Once right-hander Shawn Hill was reassigned to Minor League camp following his start Tuesday, the Tigers' Spring Training roster was down to 29 players. Manager Jim Leyland still hopes to have it down to 25 by Thursday.
Garcia was a late-season hero for the Tigers as a September callup and postseason platoon player last year, appearing in 12 games, including making two starts in the World Series. However, his chances of making a Major League Opening Day roster for the first time seemed long from the outset of camp in February.
For one thing, team president and general manager Dave Dombrowski said that Garcia would have to earn more playing time than just select starts against left-handed pitching, the role he had down the stretch last year, to make the 25-man roster. From a pure developmental standpoint, the thought process went, Garcia would benefit more from regular playing time at Triple-A Toledo.
In addition, the bruised right heel Garcia sustained a week ago pretty much eliminated his chances. He didn't begin putting weight on his right foot again until late last week, and the 21-year-old hasn't played in any sort of competition since the injury.
Garcia hit .206 (7-for-34) with one home run and three RBIs in 34 at-bats before the injury.
The Tigers could keep Garcia in Lakeland to work his way back into playing shape and then send him out on a rehab assignment sometime in April.
Putkonen will reprise his relief role with Toledo in hopes of getting an in-season callup.
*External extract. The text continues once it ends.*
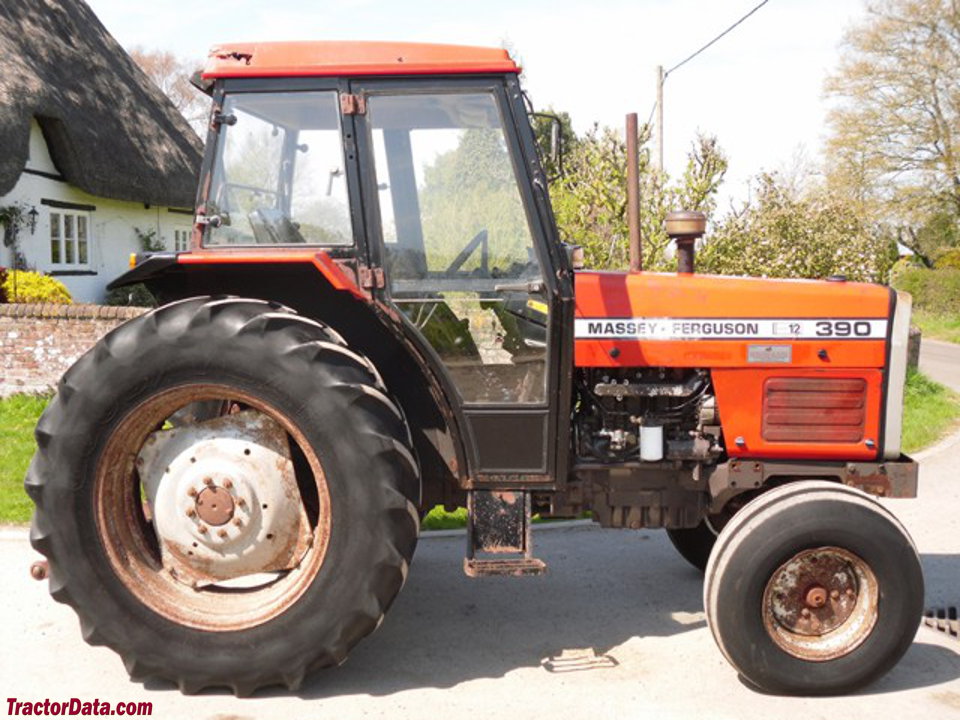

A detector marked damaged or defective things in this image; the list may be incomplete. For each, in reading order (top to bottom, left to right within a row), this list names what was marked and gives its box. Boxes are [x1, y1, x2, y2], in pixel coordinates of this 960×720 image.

rusty wheel hub [760, 548, 880, 660]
The 26-year-old allowed six runs on 14 hits in 13 2/3 innings this spring, walking five batters, hitting three and striking out 14.
Alvarez earned some consideration as a second lefty in the Tigers' bullpen, but he is expected to begin the season in the Mud Hens' rotation as an insurance starter. He allowed three earned runs on 13 hits over 9 2/3 innings, with a walk and six strikeouts.
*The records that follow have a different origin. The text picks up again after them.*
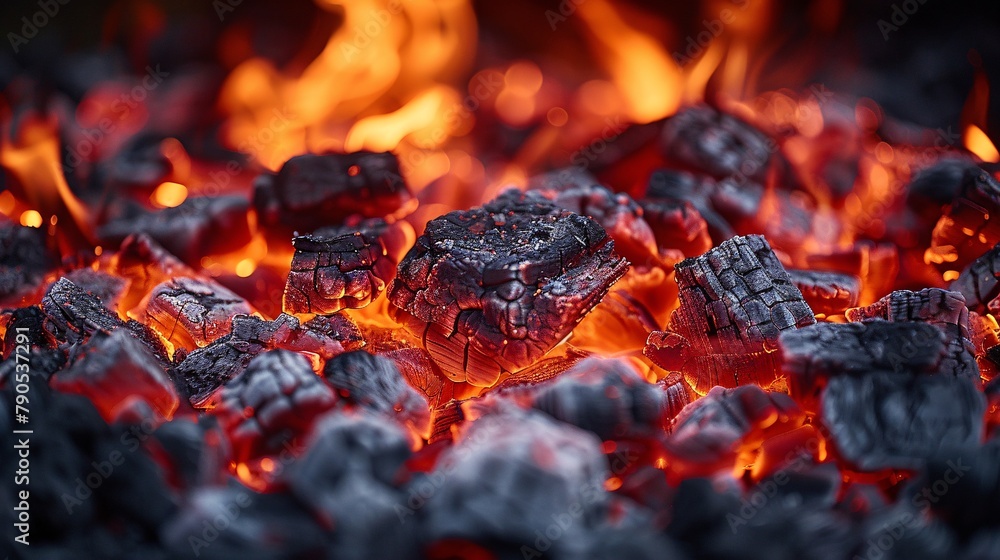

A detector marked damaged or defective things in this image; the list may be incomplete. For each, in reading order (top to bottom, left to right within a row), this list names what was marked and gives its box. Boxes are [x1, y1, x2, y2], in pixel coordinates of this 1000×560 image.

cracked charred surface [145, 276, 254, 350]
cracked charred surface [284, 219, 408, 316]
cracked charred surface [388, 190, 624, 388]
cracked charred surface [644, 234, 816, 396]
cracked charred surface [788, 270, 860, 318]
cracked charred surface [848, 286, 980, 382]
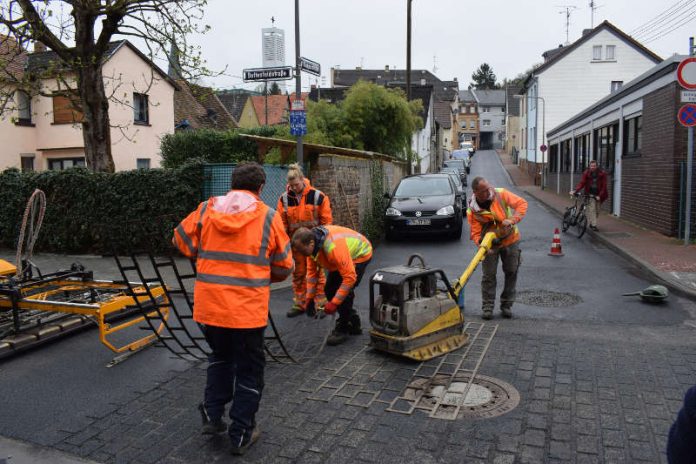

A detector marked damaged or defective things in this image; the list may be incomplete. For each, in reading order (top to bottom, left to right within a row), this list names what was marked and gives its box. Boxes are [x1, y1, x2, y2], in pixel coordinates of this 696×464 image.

patched asphalt patch [516, 288, 580, 306]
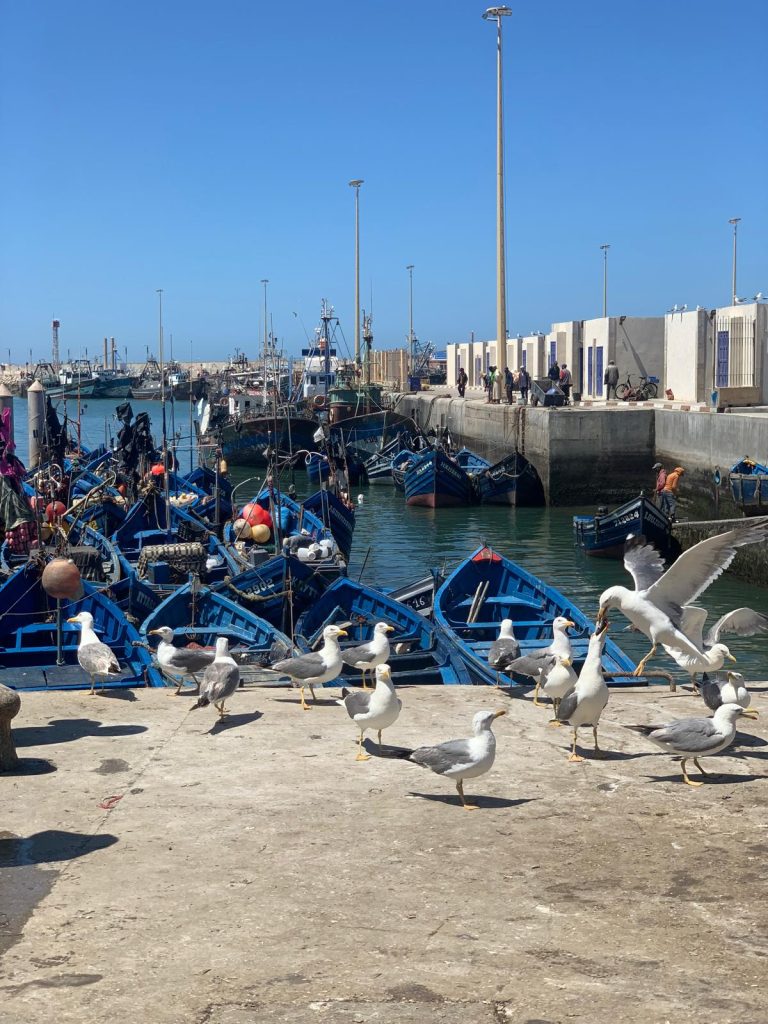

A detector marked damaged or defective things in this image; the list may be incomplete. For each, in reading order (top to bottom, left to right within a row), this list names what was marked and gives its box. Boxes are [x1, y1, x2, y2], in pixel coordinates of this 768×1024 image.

cracked concrete surface [1, 679, 768, 1024]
Add in Hill, who allowed five earned runs on 21 hits over 19 innings this spring with a Triple-A start mixed in, and Leyland is feeling slightly more confident about his starting depth than he did a couple weeks ago. It's not enough depth to justify dealing Rick Porcello, who was announced to fill the open spot in the Tigers rotation, but it's enough to suggest Detroit isn't headed for disaster if it gets past six starters this year. "If [Hill] can do what he has shown me this spring, and Alvarez can do what he has shown me this spring, maybe we do have more than what we thought," Leyland suggested.
Russo quietly had a pretty good camp, batting .308 (12-for-39) with four doubles, two homers and five RBIs despite a 2-to-15 strikeout-to-walk ratio.